Leia a íntegra da crônica

Leia a seguir a íntegra da crônica de Machado de Assis, atualizada em sua grafia, publicada sob a autoria de Lélio, na seção "Balas de Estalo", na página 3 da "Gazeta de Notícias" de 1º de janeiro de 1885.

Parece que cheira a chamusco. Dizem os papéis avulsos que há receio de pancadaria eleitoral agora no dia 4. Eu, se querem que lhes fale com o coração nas mãos, não creio em tal coisa; mas, a fim de que não se diga que, por negligência, deixei os meus concidadãos sem algumas indicações salutares, vou dar-lhes um remédio que reputo único e verdadeiro.

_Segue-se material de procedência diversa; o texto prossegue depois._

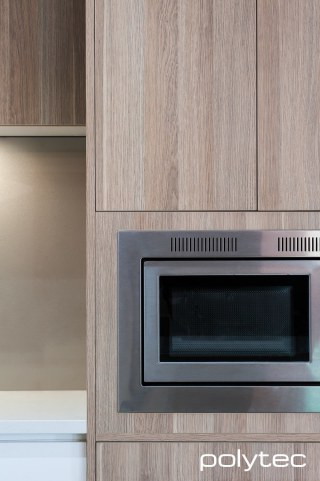 Polytec - CREATEC drawers in New Ultra White Gloss, Doors and panels in Maison Oak Ravine.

Hão de lembrar-se que a "Gazeta de Notícias" transcreveu há dias de uma folha alemã, do rio da Prata, a carta de um comissário argentino dando conta do procedimento que teve em território litigioso da fronteira do Brasil. O comissário achou ali um funcionário brasileiro, exercendo não sei que autoridade na povoação, demitiu-o e deu-lhe logo a nomeação de alcaide da república. Ambos os atos foram aceitos sem resistência e as bandeiras trocadas sem protesto.

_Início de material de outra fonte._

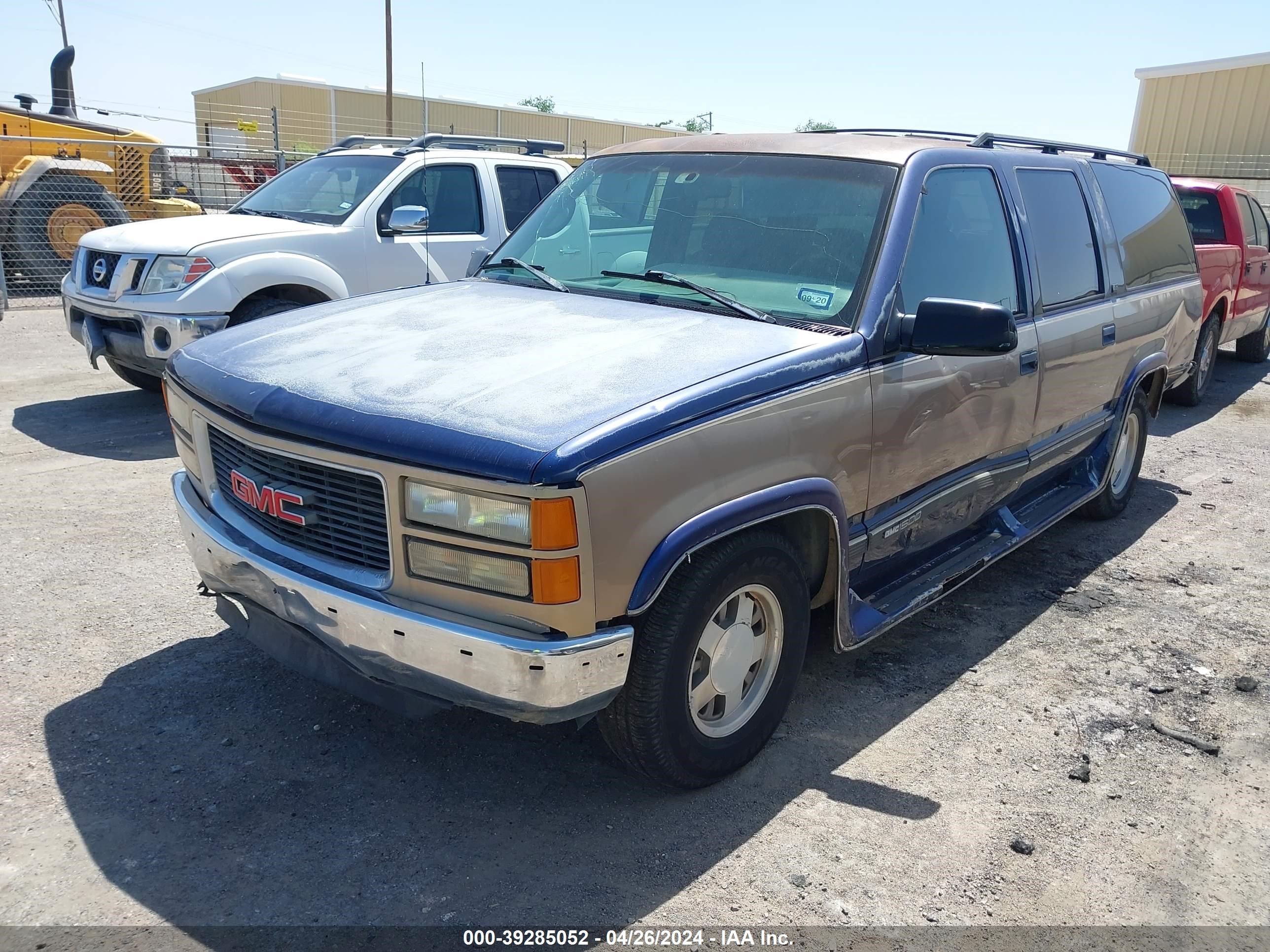 Photo 1 VIN: 1GKEC16R1TJ730740 - GMC SUBURBAN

Esse caso (se é verdadeiro, o que ignoro) traz em si, não só a solução da questão de limites, mas também o remédio eleitoral que proponho.

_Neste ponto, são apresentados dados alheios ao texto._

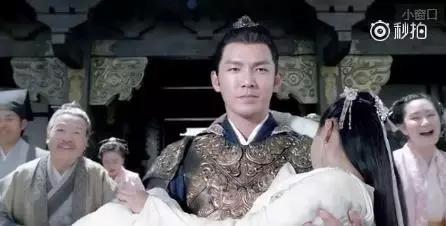 一边说观众、影评人不行，一边抠图、用替身、抄袭糊弄观众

Quanto à primeira, basta mandar lá um comissário brasileiro daqui a seis meses, que reponha o nosso patrício no cargo anterior. Seis meses depois, os argentinos mandam outro comissário e fazem o mesmo; e, repetidas a ação de ambas as partes, semestralmente tiraremos à consciência do nosso patrício, qualquer vislumbre de escrúpulo: ele imaginará que está cumprindo um acordo internacional. Só mudará então uma coisa, a aclamação: "- Meus filhos, está vingada a justiça, viva a república!", "- Meus filhos, restituídos ao império, viva o imperador!". No mais, não haverá mudança. Penacho e emolumentos.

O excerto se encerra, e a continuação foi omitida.